The fruit, foliage and bark of the Mediterranean hackberry have long been considered to have healing properties and a positive effect on reducing pain and inflammation. The fruit of the Mediterranean hackberry is a small, dark-purple berry-like drupe, which was once a favourite treat for children, but today is only food for birds. The Mediterranean hackberry is a tree we can find in some locations along the Adriatic coast, but there are not many autochthonous specimens because they were mostly planted by people in town squares due to its large canopy that provides excellent shade. This is why in Istria they called it ladonja (the shade provider). This legendary Vrbnik poprivić is located near the Misučajnica waterhole. One larger specimen of this tree was once on the main road in Vrbnik Field, but it was struck by thunder. Mediterranean hackberries can be found in the very centre of Vrbnik, so feel free to have a rest in the shade of their branches...
Istrian bellflower (Campanula fenestrellata subsp. Istriaca)
The arrival of spring in Vrbnik is heralded by the tiny bluish flowers that adorn the cliffs high above the sea, the cracks of old house walls, and the proud centennial belfry in clusters. These are the flowers of the Istrian bellflower, an endemic plant, rare and protected, which can only be found on the Kvarner islands, the slopes of Učka and in some small Istrian towns. The vibrant blossoms of blue and hairy leaves proudly withstand the strong gusts of the bura, the salt sediment and drought. It is a natural metaphor of the beauty that arises despite the scarcity of natural conditions.
Griffon vulture (Gyps fulvus)
The griffon vulture is a large bird of prey from the family of hawks (Accipitridae). This scavenger with a very white head and an unusual collar has impressive wings which can span up to 2.80 m. It can live up to 40 years and only feeds on the carcasses of larger mammals, never attacking live prey. It used to inhabit the whole Adriatic coast, but today it nests only on Cres, Krk, Plavnik and Prvić. The Krk colony of the griffon vulture lives on the south-eastern side of the island in the Glavine Special Reserve - a small harbour between Vrbnik and Baška from the seaside.

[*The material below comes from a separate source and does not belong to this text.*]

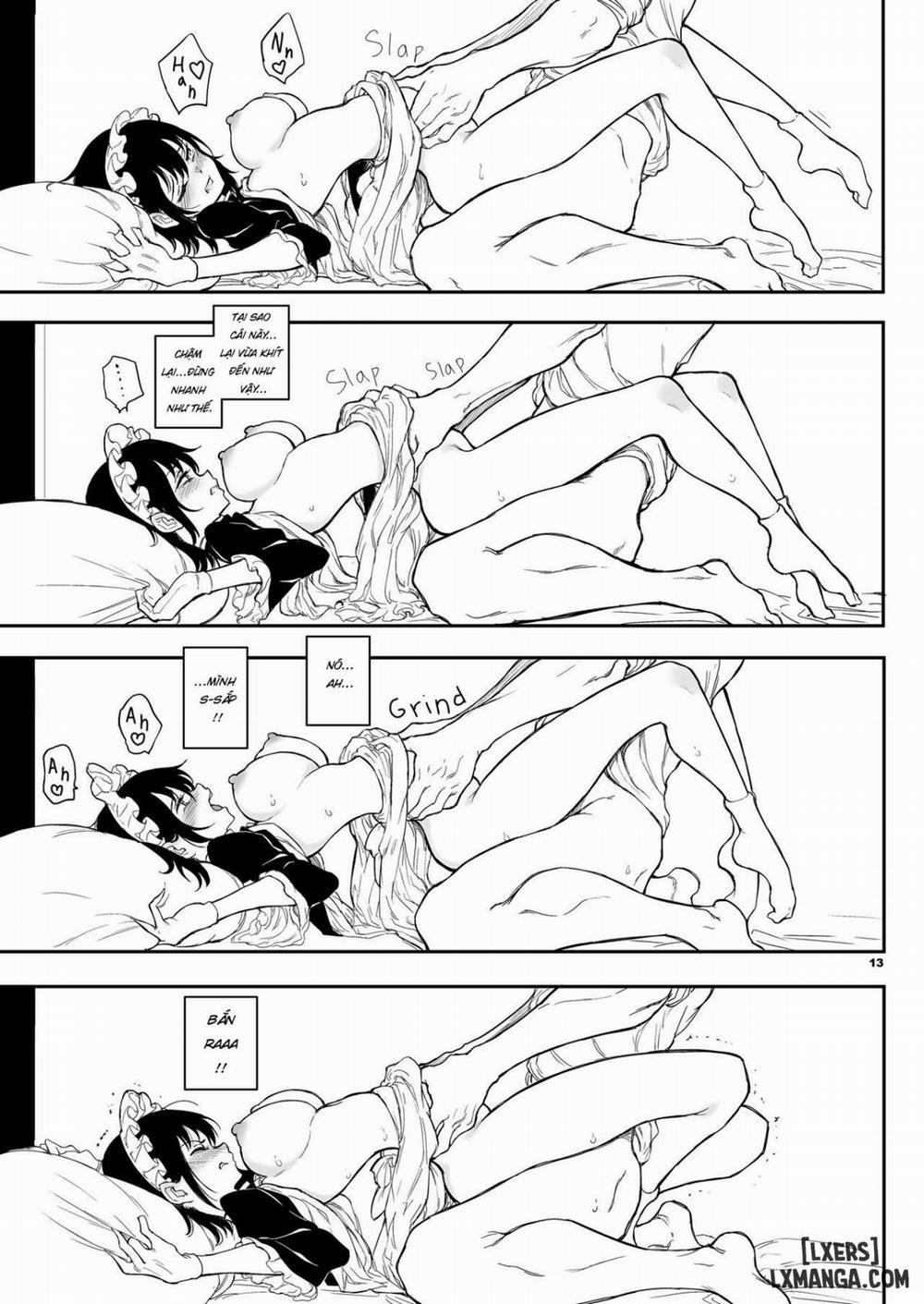 Maid Kyouiku -Botsuraku Kizoku Rurikawa Tsubaki 4 trang 12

It was the first ornithological reserve for the protection of griffon vultures in Europe, proclaimed in 1969, and it stretches along the steep picturesque cliffs of Butinj and Kuntrep, the canyon of Jasenovo and the peak of Diviška. In addition to the strictly protected griffon vulture, there are also many other endemic species of flora and fauna. These supreme rulers of the skies and the steep karstic terrain once played a very important role in the disposal of dead carcasses, while the sheep were intensively bred here, they were present in the culture and traditions of the people with whom they shared the living space. Today, they are an ecologically protected species of rare birds that can be observed in the Vrbnik-Baška Reserve in their natural habitat.